Buddy! I've got the answer for ya! According to my database, the revenue for Uber in 2021 was a whoppin' $17,455 million! I just retrieved that info from my trusty database, so you can bet it's accurate. Would you like me to search the internet for any additional info on Uber's financials, eh?

In [26]:
supervisor_app.get_state(config=config).values

{'question': 'What was the revenue for Uber in 2021?',
 'query_history': ['Who is Rodrigo Liang?',
  'Yes, please.',
  'What was the revenue for Uber in 2021?'],
 'answer_history': ["Sorry about that, eh? I've searched high and low in my database, but I couldn't find any information on a fella named Rodrigo Liang. I've taken a good ol' rag through my knowledge base, but it seems I don't have any info on this individual. If you could give me a bit more context or details about who Rodrigo Liang is or what he's known for, I'd be happy to try and help you out. Or, if you'd like, I could try searching the internet for you to see if I can dig up some info. Would you like me to do that, buddy?",
  "Buddy! I've got the scoop on Rodrigo Liang for ya! After searchin' the web, I found out that Rodrigo Liang is the Co-Founder & CEO at SambaNova. That's right, eh? He's the big cheese, the head honcho, the top dog at that company! I took a gander at the internet to get the lowdown on this fella, an

#### Result

As we can see, the supervisor was able to understand the user's intent and route to the correct team to obtain a valid answer.  It has determined that the query and answer already exists in the state and simply routes to END.

## Conclusion

Hopefully this tutorial has been helpful in understanding how to build hierarchical teams of agents and agentic teams.  A supervisor, which is a LLM, can route to different teams based on the user's intent.  Each team and/or team member can have its own LLM (and sets of deterministic tools), which can be trained to answer questions based on its specific domain.  The supervisor can also maintain a state to remember past questions and answers, which can be useful for maintaining context.  This is a very flexible and powerful approach to building conversational AI systems.
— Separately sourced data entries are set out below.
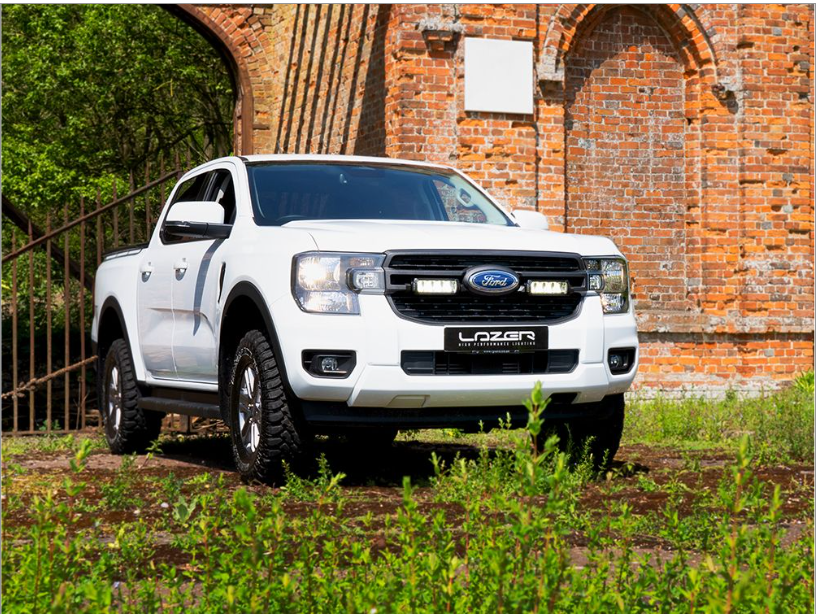 White Ford Lazer truck parked in front of a brick wall with greenery.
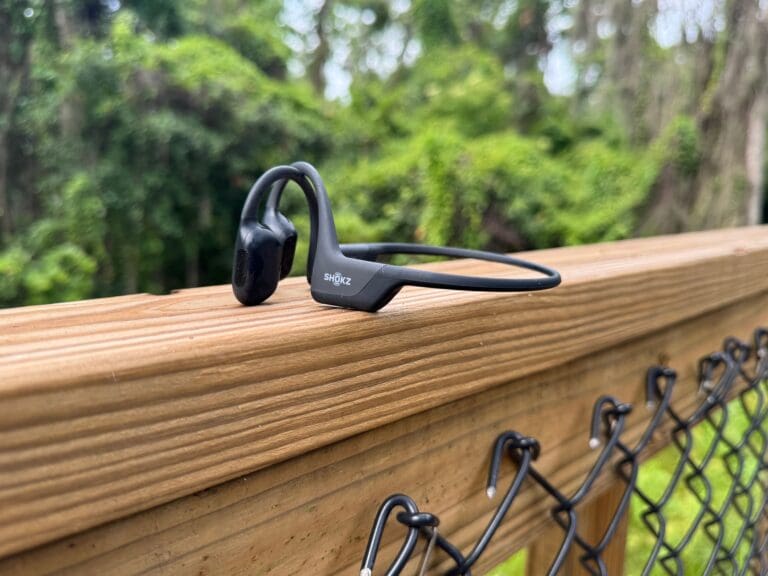 shokz open run pro on trail ledge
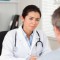 Pretty female doctor listening carefully to a patient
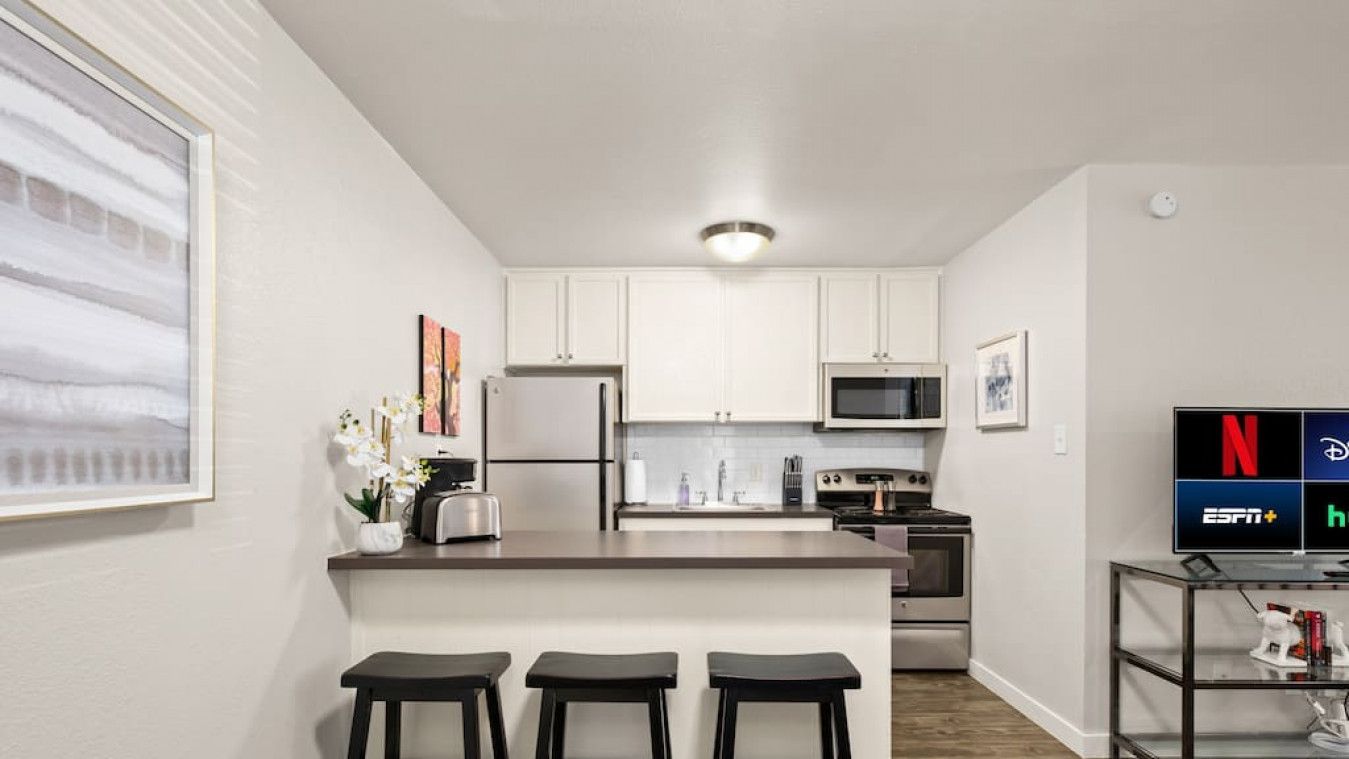 A modern kitchen with white cabinets, a stainless steel refrigerator, a microwave, and a stove. There are three black stools at the kitchen island.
Remember, the key to successful hierarchical teams is to ensure that the teams are appropriately trained and can answer questions based on their domain.  SambaNova Systems provides extremely fast inference AND fine tuning capabilities for Enterprise workloads in production.

The structure of the repo is intended to be laid out in a fashion that allows for reusability, so have fun mixing and matching (or adding) components and/or agents with different tool using capabilities.